Standardizing Febrile Neutropenia Management: Antimicrobial Stewardship in the Hematologic Malignancy Population

John C O’Horo ^1,^2,^✉, Jasmine R Marcelin ¹, Omar M Abu Saleh ¹, Amelia K Barwise ^1,², Patricia M Odean ¹, Christina G Rivera ¹, Aaron J Tande ¹, John W Wilson ¹, Douglas R Osmon ¹, Pritish K Tosh ¹

PMCID: PMC6743219 PMID: 31322989

Abstract

Patients with febrile neutropenia (FN) often are subject to antibiotic and diagnostic test overuse. We sought to improve appropriate use of antimicrobials and diagnostic tests for patients with FN. We used a blended quality approach with Lean Six Sigma tools and iterative improvement of a clinical decision aid to guide providers through empirical antimicrobial selection and diagnostic evaluation of patients with FN during a yearlong period.

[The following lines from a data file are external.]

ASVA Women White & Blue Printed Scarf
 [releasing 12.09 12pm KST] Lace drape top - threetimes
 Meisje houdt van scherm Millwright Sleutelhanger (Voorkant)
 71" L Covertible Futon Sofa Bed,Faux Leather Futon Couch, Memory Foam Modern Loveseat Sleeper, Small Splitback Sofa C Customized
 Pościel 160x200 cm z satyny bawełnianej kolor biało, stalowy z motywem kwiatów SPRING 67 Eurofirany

We evaluated the incidence of nonadherence to best practice before, during, and after rollout of a clinical decision aid in conjunction with an educational initiative. At baseline, 71% of patients with FN had at least one critical deviation from best practice. During the project, the percentage decreased to 27.3%; 4 months after the project was completed, the percentage was 33.3% (P = .04). A clinical decision aid can improve adherence to best practices for the empirical management of FN.

INTRODUCTION

Neutropenia induced by antineoplastic chemotherapy is a common complication of cancer treatment. Patients with hematologic malignancies are at increased risk for infectious complications during neutropenia. More than 80% of neutropenic episodes in this population may be complicated by fever.¹ Febrile neutropenia (FN) in high-risk patients with hematologic malignancies is considered a medical emergency (average mortality, 14.3%).²

Several national and international societies have developed evidence-based guidelines for clinicians treating patients with FN.^1,3-5 The guidelines outline management strategies that focus on a time-sensitive, patient-centered evaluation with judicious and effective antimicrobial selection.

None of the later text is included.